Metadata

Metadata is associated with much publicly available microarray data. Metadata includes information about the experimenter, experimental protocols, sample type (genotype, plant developmental stage, organ/cell type/environmental perturbations, etc.), and so on. Unfortunately, although there are detailed standards for microarray metadata, most public databases do not actually follow these standards. There is not a universal metadata format; rather, the metadata format varies considerably from database to database. In addition, experimenters frequently enter metadata information inconsistently, sometimes despite careful instructions in the database about what each metadata entry should mean. For example, for some experiments in NASCArrays, the entries under "treatment" are used to distinguish one sample from another (e.g., some samples are entered as "control" and others are entered as "sprayed with GA"). However, in other experiments, the entries under "treatment" describe the treatment that all samples in that experiment were subjected to (e.g., for all samples, "treated with Marathon"). In the absence of a human metadata curator, this type of inconsistence decreases the usefulness of metadata. However, despite these limitations in the available metadata, it is critical for better understanding the significance of experiments.

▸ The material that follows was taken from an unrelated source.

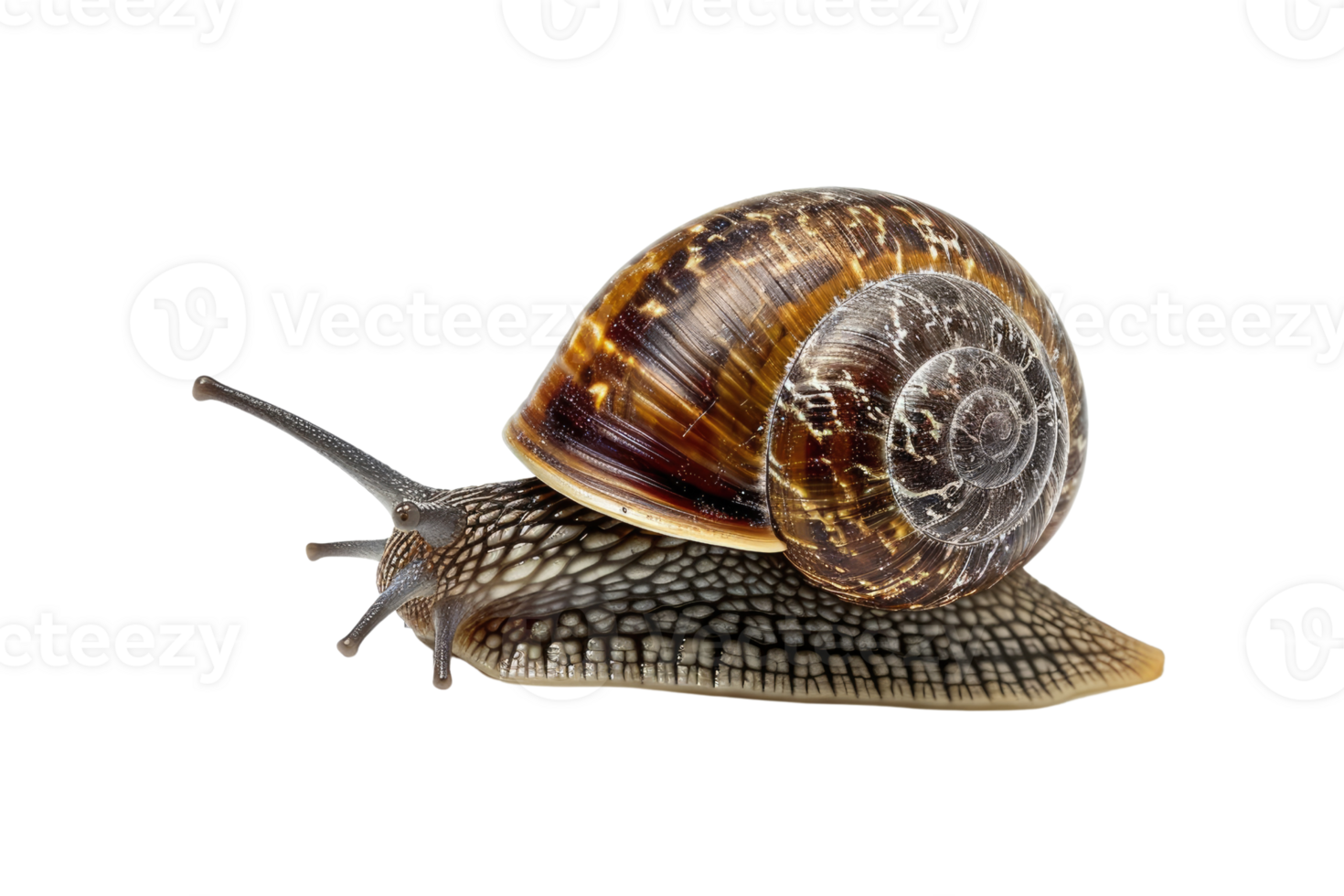AI generated snail isolated on transparent background png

There are currently no public databases for metabolomics data; however, a suggested general format for the metadata has been described. This format includes MIAME-compliant-type experimental information such as for microarray metadata. It also takes into account that metabolomics is an emerging field, in which methodologies are varied, new methods are rapidly being developed, and there is not yet a clear standard for metabolite identification. Thus, it describes how to include detailed explanations of factors such as the metabolomics technologies and experimental conditions.

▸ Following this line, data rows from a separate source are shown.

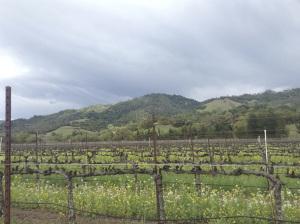 Sonoma vines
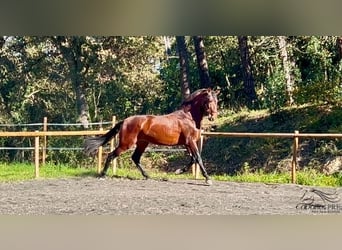 PRE Croisé, Étalon, 5 Ans, 171 cm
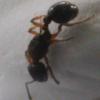 Queen Ant ID (Pheidole sp.) (Trabuco Canyon, CA) (5-27-2015) - last post by Jonathan21700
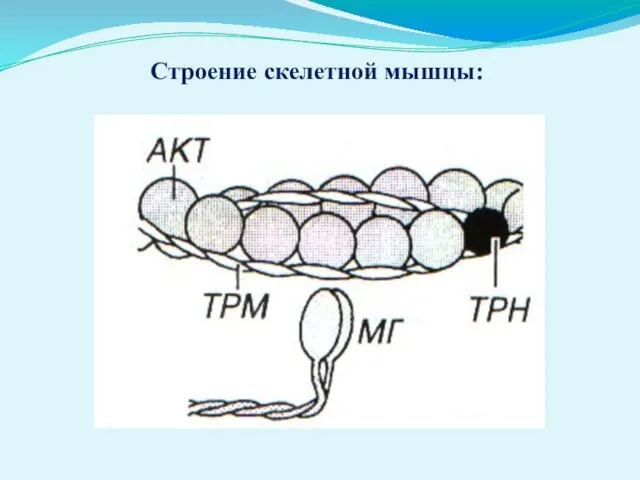 Строение скелетной мышцы:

We are developing methods for automated parsing of metadata from other public microarray databases, initially focusing on NASCArrays, GEO, and BarleyBase/PlexDB. GEO contains a tremendous amount of data and has a reasonable metadata format, thus an automated parsing process for GEO metadata will facilitate analysis of microarray data from a wide variety of species. BarleyBase/PlexDB is completely MAIME-compliant, and contains a deep assortment of data from some widely-sampled plant species such as barley, wheat and rice. Any user-created XML file can be loaded into MetaOmGraph as metadata as well, although certain formatting is required for some of its sorting functions. The metadata file included with the Affy.ath1.data1 project can be used as a prototype.